Montreal trio packs grand instrumentation, choral vocals, and extended jams in 2008's finest debut so far.


Plants and Animals. Plants and Animals.

Ladies and gentlemen, the first great debut album of 2008 has arrived, and it arrives on fire.

"Bye Bye Bye," the first track on Plants and Animals' Parc Avenue, starts with singer-guitarist Warren C. Spicer gently asking, "What's going to happen to you?" Moments later, when the song erupts with a crash of cymbals and a choir chanting a trifecta of "bye"s as the title suggests, the answer is clear: eargasms galore.

The trio from Montreal, Canada, has a lot to live up to. Not only are they from the hotbed of Canadian indie rock, they're on the city's Secret City record label, which is churning out award winners left and right. On Parc Avenue, named after one of Montreal's major streets, Spicer, bassist Matthew Woodley, and drummer Nicolas Basque prove they belong.

The first half of the album is tres bien, dipping into various rock variants--classic, folk, experimental--that recall everything from old Queen to new Menomena. But one thing unites all the tracks--a certain sense of organic development. It wouldn't be wrong to say the album has a certain hippie quality to it--it certainly sounds outdoorsy--but it isn't just (as comedian David Cross once said) "a bunch of guys dicking around on their guitars."

The eight-minute emotional roller coaster ride "New Kind of Love" begins as a gentle, cuddly creature before transforming into a rolling, thunderous beast that rivals anything put out by Arcade Fire--a band they're often compared to.

But the standout track is "Good Friend," a sexy little number in jazz experimentation that imparts the band's insightful yet laid-back take on life. Spicer seems half advice guru and half oblivious stoner when he pairs some lesser-known nuggets of wisdom ("It takes an enemy to help you get out of bed, it takes your lover to leave you to feel the loneliness") with laissez-faire chants of "I wanna dance."

Plants and Animals may not take themselves too seriously, but listeners should. Parc Avenue is in stores now.

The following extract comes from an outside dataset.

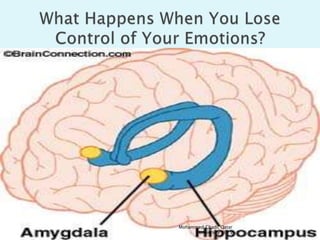 Mohammed Chadi, Qatar
University 2015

Audio: Click here to stream songs from Plants and Animals' debut album, Parc Avenue.

2 Comments

Oldest First | Newest First
Ah come on - The Atlas Sound debut was amazing.
Posted 03/26/2008 10:20am
I concur, this band is badass--the best record I've heard so far this year. These guys blow Arcade Fire away in every way and should not be lumped in with that overwrought mess of a band.